As the thaw spreads, so papers and parcels come up, and once again I feel in the world. Jack and Sophie are safely in Ashgrove Cottage, no doubt taking in the Hampshire spring days and discussing interminable plans for yet more plantings. The English and their tamed vegetation. There is some piece of wisdom in the contrast of those races that garden and those that do not, but it does not yield itself to me today. I shall dig for it another time.

When J. and S. went aboard the boat and when my arm had grown quite tired from waving, and when the masthead had dipped below the horizon off Lisbon I allowed myself the thought that I may not see Jack again in this life. But the riches we've had consoled me all the way back and up the hills. Indulgence in thoughts of the past is the old man's vice.

The new terracing goes apace on the west side of the vineyards. Tho' ruinous costly it will do us well in a few years. I must speak to Cantona about more stabling for the girls' horses. The soft creatures acquire them like other empty-heads gather dresses. A horse has a function. The rest is sentiment. But I can indulge them, so more stables it will be.

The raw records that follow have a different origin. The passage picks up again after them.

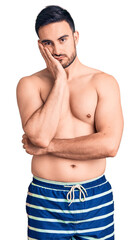 Fototapeta premium Young handsome man wearing swimwear thinking looking tired and bored with depression problems with crossed arms.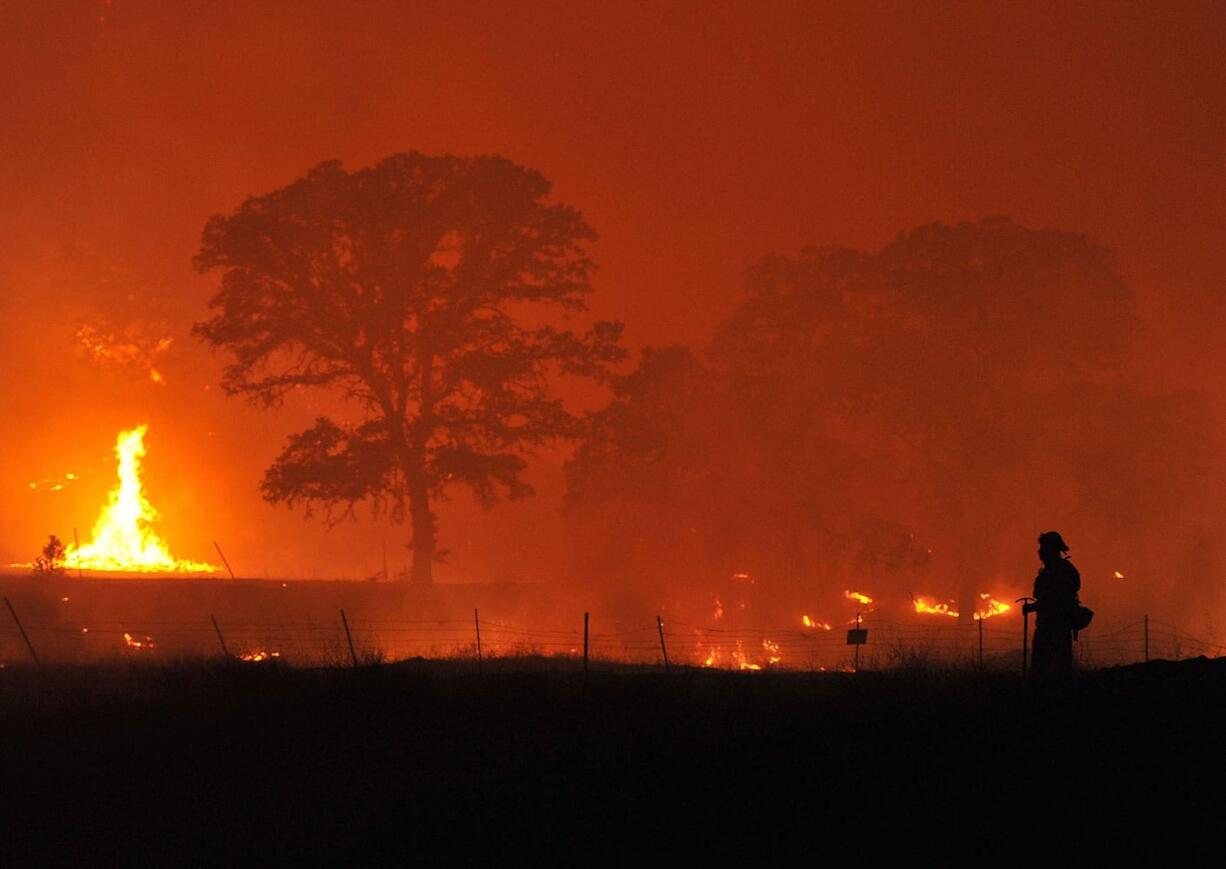 A firefighter watches a backfire as the Rocky Fire burns near Clearlake, Calif., on Monday.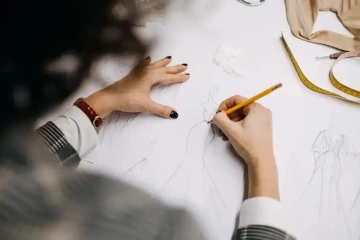 Módní návrhářka kreslí návrh šatů pro ženu k 50. narozeninám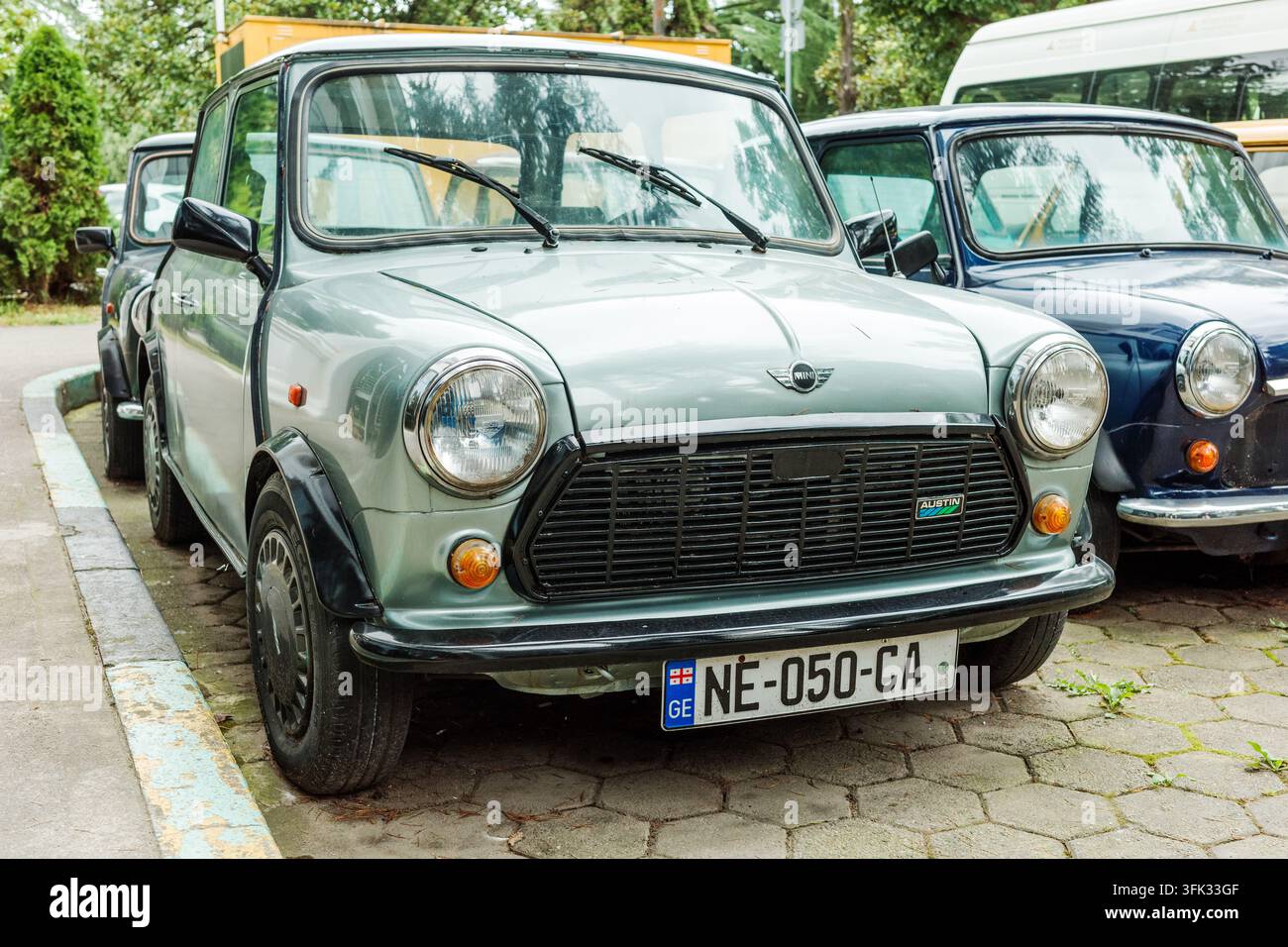 BATUMI, GEORGIA - 4 SETTEMBRE 2026: Austin Mini classico parcheggiato con altri veicoli d'epoca, vista tre quarti anteriore che mostra il design automobilistico britannico retrò. Foto Stock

The house is stirring beneath me.

NB: Hist. Catalans – 3 vol. next wint.? Irish Nat. Hist needed. Notes this mo. Martin to contrib. Paris June? Academy. new coat??

So much to do. I feel a great surge of vigour and good health today. Perhaps I shall ride this afternoon. That new big bay. Spirited. Try the pass to Santa B.?

__________
Here the last packet of the notes of Herr Maturin, the lists and letters, the drafts and receipts from bankers, is ended. Intelligence has been little cast upon land titles in Catalonia. Professor Doctor H. will require an explanation of time spent.

These many packets should be ordered, catalogued, annotated, a forward and explanatory essays prepared, glossaries of natural history and ship words written, list of persons (with biographies and sources and lists of their literary remains) made, proper illustrations gathered, and all published (8 vols.?). I shall discuss this project with Prof. Dr H. on my return to Hamburg. Now I shall find a beach to spread my towel upon and work upon the sun tanning, though not so deep as to further raise questions concerning dedication to land title variants.